In recent weeks the sponsor’s role has come in for criticism following Nationwide’s stance on former England coach Glenn Hoddle.
Many have questioned the company’s right to do so. Some believe it is entitled to voice its opinion, given the substantial investment it has made in the sports body. Others argue it should have left matters to those directly involved, namely the Football Association.
The only question that any sponsor need ask in such a situation, is whether it should speak out to protect its brand’s values. If a company feels its brand values are being undermined, then it has every right to protect them, even if it leaves itself open to criticisms of interfering.
Sports sponsorship is nothing new, but the nature of arrangements between the broadcaster, the sponsor, and the sport, is changing rapidly.
Various sporting bodies recognise the value of a broadcast sponsorship, and, more importantly, the danger of not having any say in who takes up the broadcast sponsorship. This is because a variety of live and broadcast sponsors can, if unchecked, increase the clutter, diminish standout from rival brands, and ultimately lead to a devalued property.
For example, I still find it a little odd to watch the FA Carling Premiership on Sky, sponsored by Ford. Or the Nationwide Division One Championship, in association with Duckhams. As a result of such deals, the event sponsors are quite rightly seeking assurances prior to agreement, as to who could or should be the broadcast sponsor.
This year, two major sporting events will be broadcast on television, the Rugby World Cup and the Cricket World Cup. In both cases the event sponsors have been asked to take on the broadcast sponsorship before it is made available to the market.
Some sports have gone further still. They have bought or kept the rights to the broadcast sponsorship so they can sell it as part of the package to an event sponsor.

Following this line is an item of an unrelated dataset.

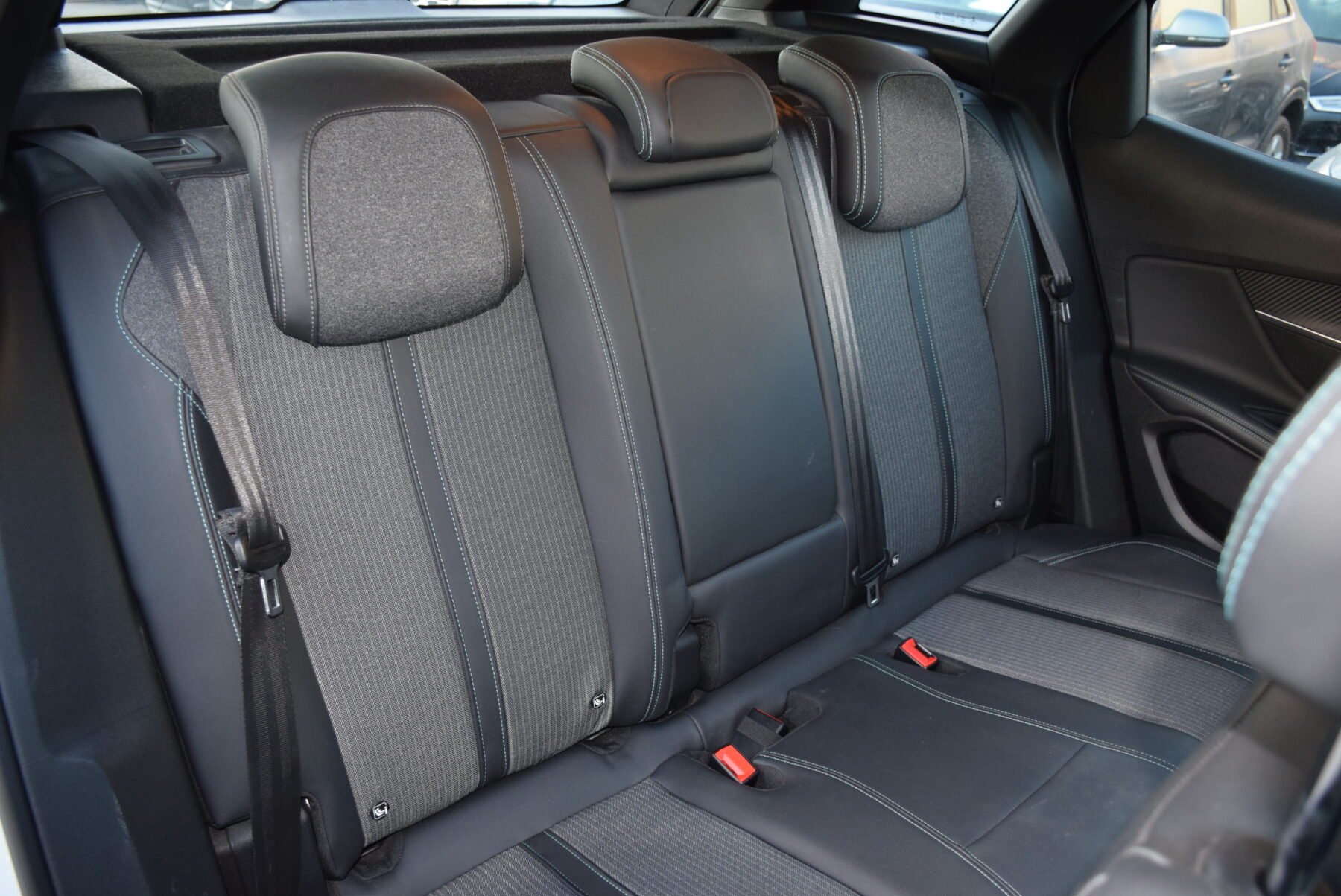 PEUGEOT 3008 HYBRID 225 eEAT8 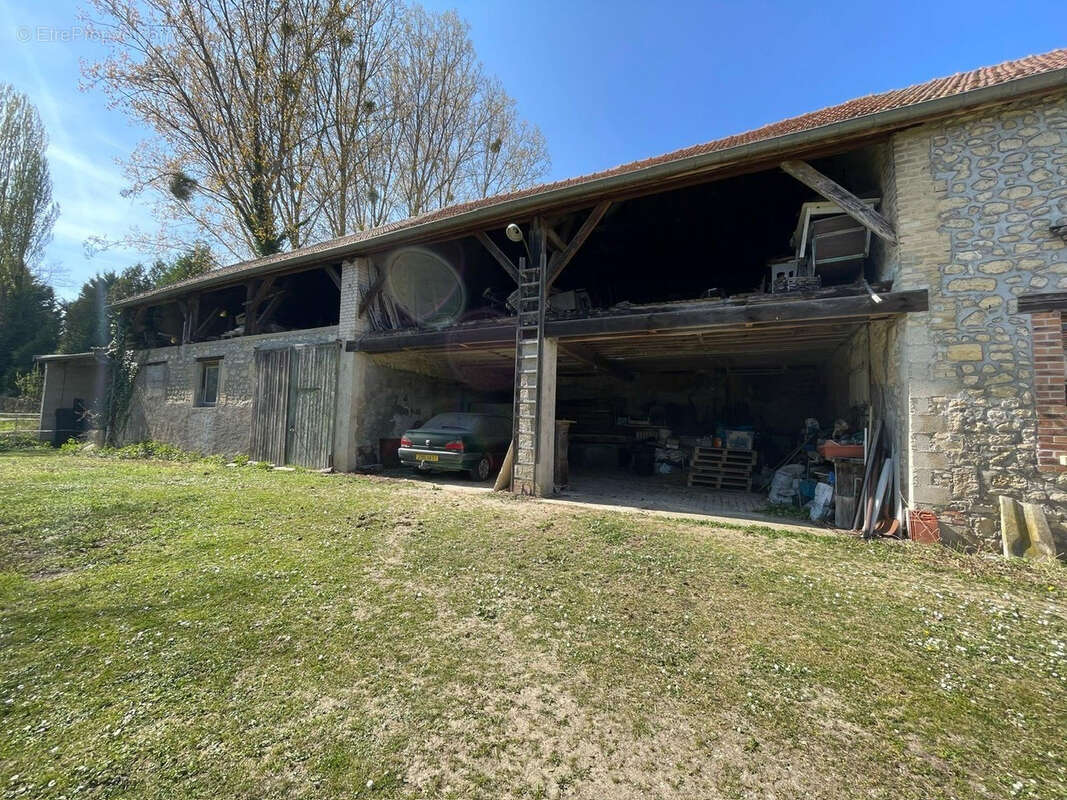 Propriete maison de maître 11 pieces + dependances sur terrain de 3400 m2 - 10 min de gueux - photo 11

This has been most in evidence at the UEFA European Champions League, with the English FA attempting to follow suit with the properties it owns. It will become more commonplace in the future.
But is it desirable or just a way for the sporting bodies to claim a larger slice of the cake? If the sponsorship includes broadcast credits, a fee still has to be paid by the sporting body to the broadcaster. But it is now the sporting body which carries out the negotiations rather than a sponsorship agent, who presumably might simply try to conclude a more profitable deal. On the whole, the intention to sell both event and broadcast sponsorships as a package are to be applauded, as advertisers are increasingly seeking integrated arrangements.
The onset of digital television is something we should also welcome, because among other things, it will add value to sponsorships. This is particularly true for sponsors of sports which do not currently have a terrestrial broadcast platform. Digital TV – which will probably be hungry for content – will no doubt provide the platform for these sports, so improving the value of the sponsorship. Greater digital bandwidth will mean greater possibilities.